The mission is expected to launch in 2026. It'd be RSA's first "manifested lunar mission," Usman told New Mexico Inno.

JAM — which Usman said traces its technological roots back to the early 2000s through NASA's Jet Propulsion Laboratory — isn't Rhea's only product. The startup also has a quantum-encrypted laser communications technology called the Quantum Lovelace Optical Augmentation Kit, or QLOAK.

While RSA is headquartered in Washington, D.C., the startup in early 2023 opened a second office location in Edinburgh, Scotland, for a subsidiary operation. That U.K. office "grew rapidly," Usman said, because of "significant" demand for Rhea's quantum technology.

Off the heels of the Edinburgh office's opening and growth, RSA, in October 2023, unveiled an office in Santa Fe, its second U.S. location. Usman said the startup wants to build out its quantum engineering team in The City Different because of the "rich particle physics background" in New Mexico.

"It's where the Manhattan Project was staged, and of course lots of that type of intellectual prowess when it comes to nuclear physics and particle physics still exists at Los Alamos [National Laboratory] and all the other laboratories in the Albuquerque region," Usman said. "So, we're definitely looking to leverage that talent pool in our growth strategy for the Santa Fe office."

Rhea Space Activity Santa Fe office grand opening
Rhea Space Activity hosted a grand opening celebration for its Santa Fe office, located at 417 E. Palace Ave., on Oct. 14, 2023.
Courtesy of Rhea Space Activity

RSA currently has one employee in Santa Fe but could have 10 to 15 people working out of its Santa Fe office by the end of 2024, a combination of employees living in New Mexico full time and employees traveling between the office and other sites, Usman said. The company has one position for a missile system guidance, navigation and control engineer position in Santa Fe listed on its website, with a salary range of $125,000 to $225,000.

Rhea employs 17 people currently, including three in the U.K. Usman sees more collaboration between the Edinburgh and Santa Fe offices in the year ahead because of the two regions' — New Mexico and Scotland — expertise in quantum and nuclear physics.
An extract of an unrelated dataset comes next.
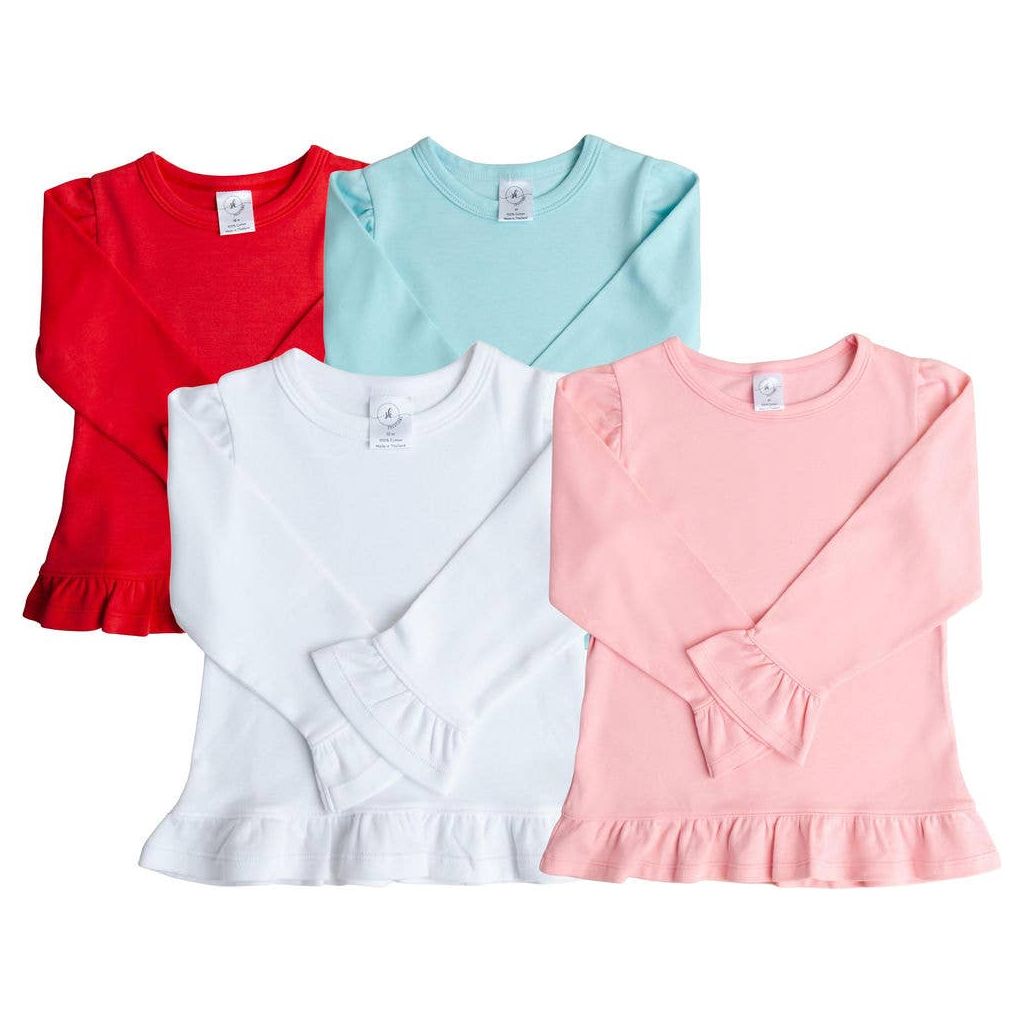 Long Sleeve Ruffle Shirt Asst Colors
Those two areas, he added, are important to building out RSA's QLOAK quantum laser communications product.

"Our Santa Fe employees all should expect to spend a lot of time in the U.K., as well," Usman said. "It's being able to create that international partnership that will allow us to build a really game-changing quantum-encrypted technology that's needed to secure laser communications in the future."

Usman said he visited Albuquerque frequently — once per month or once per quarter — while working in the U.S. intelligence community prior to launching RSA. He continued traveling to New Mexico with Rhea because many of the startup's military customers, he said, are based out of Kirtland Air Force Base, including the U.S. Air Force and U.S. Space Force.

Preparing for the 2026 lunar mission will be a big focus for Rhea in 2024, Usman said. So too will be furthering the startup's quantum engineering capabilities to advance the development of QLOAK — where he said Santa Fe and New Mexico more broadly could play a big part.

RSA is actively fundraising, Usman said; the startup's existing lead investor is based in Santa Fe, he added. Rhea won last year's Ski Lift Pitch, an annual pitch competition held at Taos Ski Valley; Albuquerque-based Hoonify Technologies Inc. was this year's Ski Lift Pitch winner.